What is a Non-Custodial Wallet? (maybe talk about our architecture? feel free to chime in zichaun/axel)
Take full control of your digital treasury with an institutional-grade, non-custodial architecture that ensures you remain the sole owner of your assets.
Last updated 9 days ago
Overview:
At Reah, we believe in the principle of absolute asset ownership. A non-custodial wallet is a digital vault where you, and only you, hold the private keys. Unlike traditional banks or centralized exchanges that hold your funds on your behalf, Reah’s non-custodial structure means the platform never has access to your capital without your explicit authorization.
This guide covers:
Ownership and Control: The fundamental difference between custodial and non-custodial systems.

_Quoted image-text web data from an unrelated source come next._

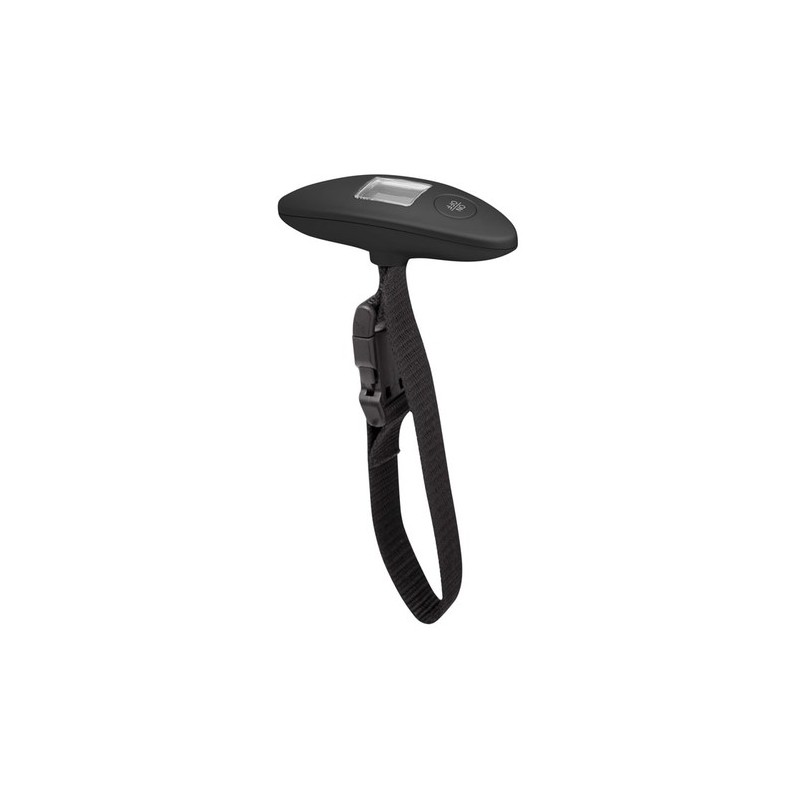 Pèse-bagages WEIGHIT - Précision et Praticité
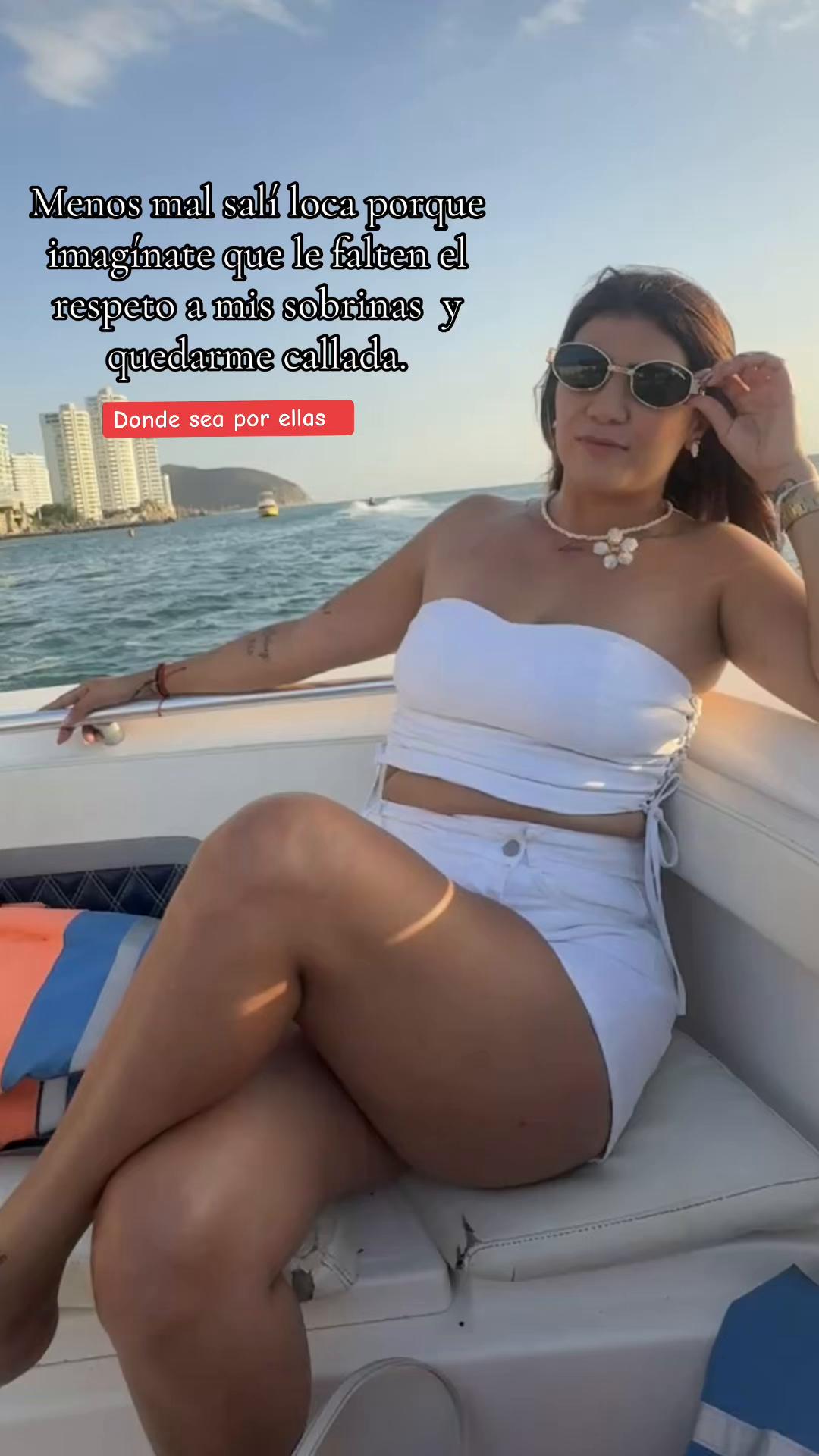 @karlaluna2206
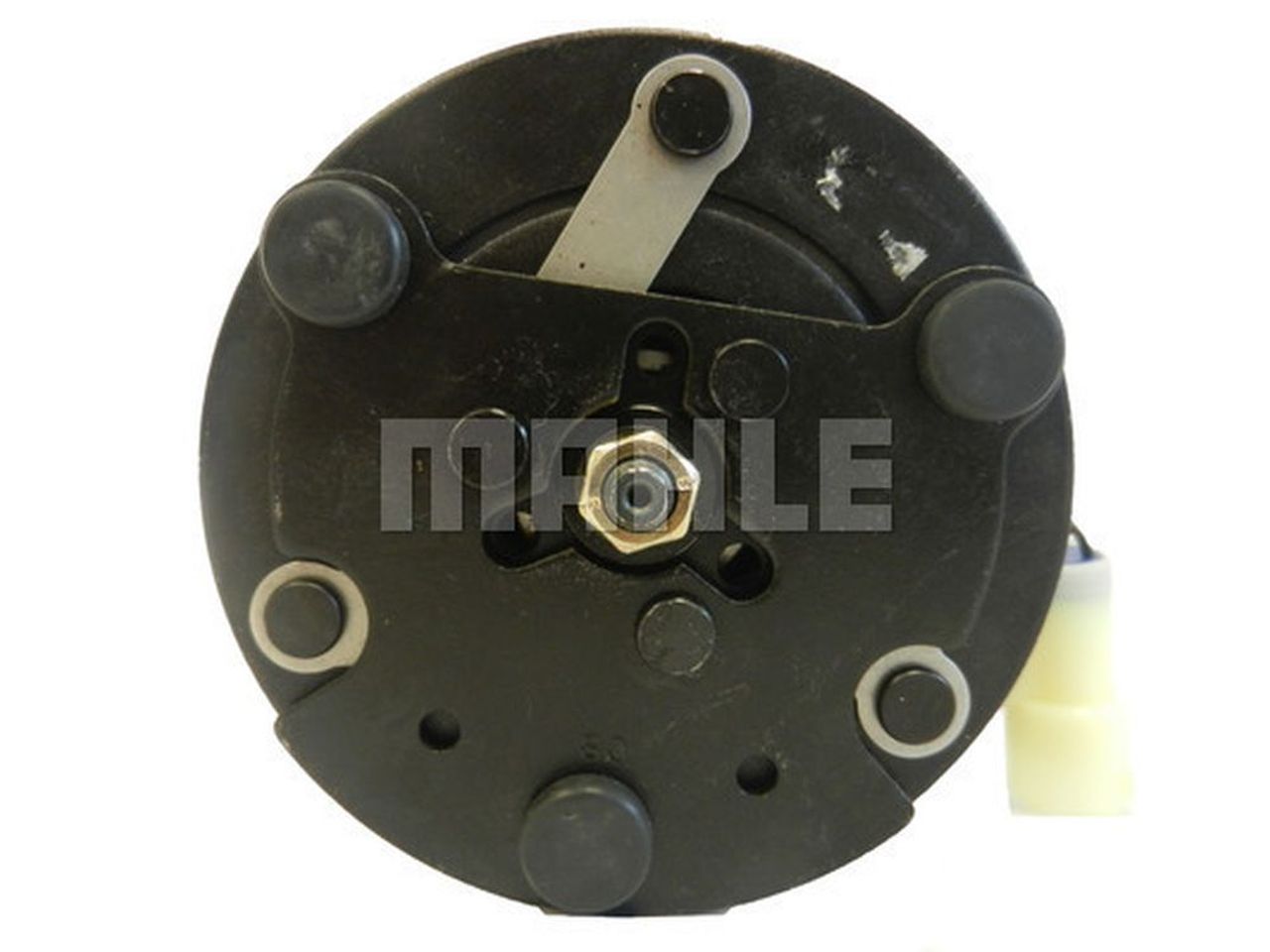 MAHLE PC Aircon compressor ACP1052000S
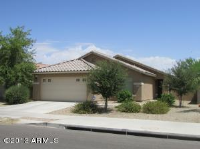 16722 W MARICOPA Street, Goodyear, AZ 85338 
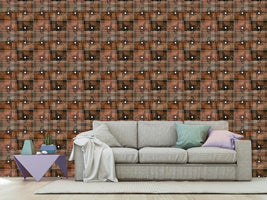 patterned-wallpaper-bronx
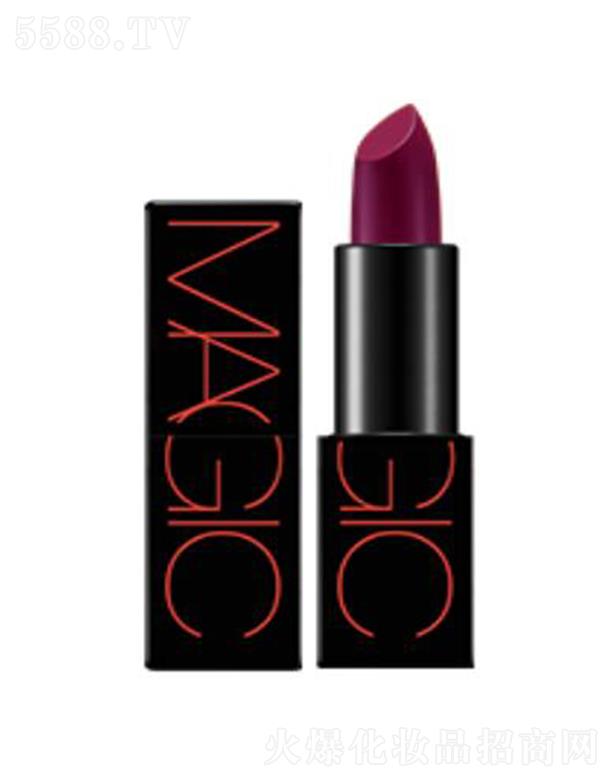 ۲ŻyƷQ(mo)޹˾iħʴ(RD05޵ڼt) 3.5g־Ýɫ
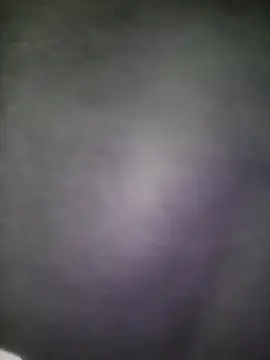 Snapshot of 77fuckerboy_ chatting on 03/05/25, 11:49 77fuckerboy online show from 03/05/25, 11:49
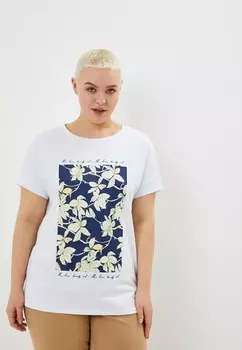 Футболка Averi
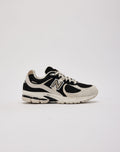 New Balance 2002R Grade-School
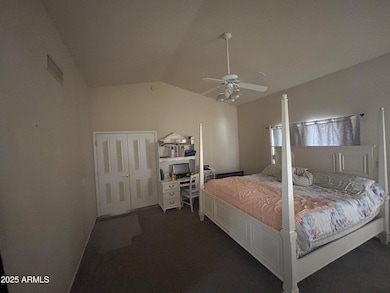 735 W Baylor Ln, Gilbert, AZ 85233 - photo 5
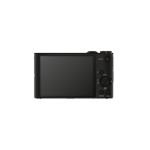 Picture of Sony WX350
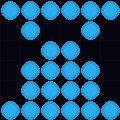 45.41.166.245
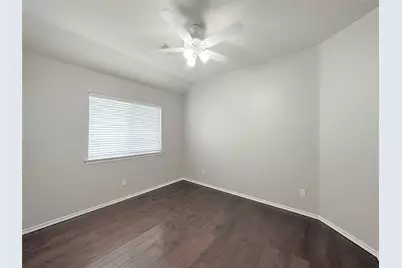 5020 Nash Lane, Fort Worth, TX 76244 - Photo 11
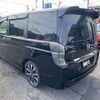 honda stepwagon 2013 -HONDA--Stepwgn RK5--1362461---HONDA--Stepwgn RK5--1362461- image 27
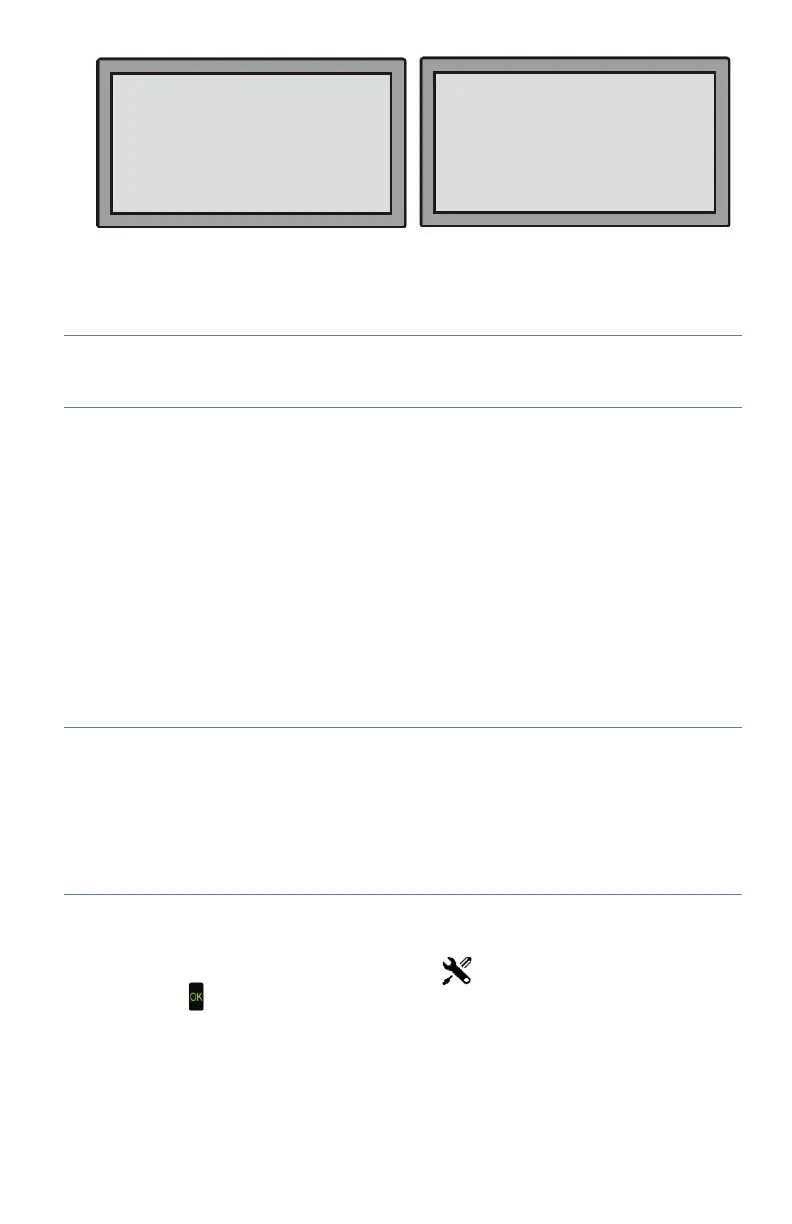 Page #218 background image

Private Key Management: How your unique "digital signature" secures your transactions.
Security Responsibilities: Best practices for protecting your access and recovery phrases.
Real-World Examples: Practical scenarios of managing non-custodial assets in a corporate environment.
The Non-Custodial Advantage
Choosing a non-custodial wallet means opting for sovereignty. It eliminates "platform risk"—the possibility that a third party could freeze your account or mismanage your funds.
Direct Ownership: Your assets live on the blockchain, not on Reah’s balance sheet.
Total Privacy: Transactions are signed locally on your device, ensuring your private keys are never exposed to the internet or our servers.
Permissionless Access: You can move your funds at any time, 24/7, without waiting for a middleman to approve the transfer.
Real-World Examples
Example 1: Protecting Treasury from Platform Risk
A CFO decides to move a significant portion of the company’s cash reserves into a Reah USD balance to utilize a high-yield vault.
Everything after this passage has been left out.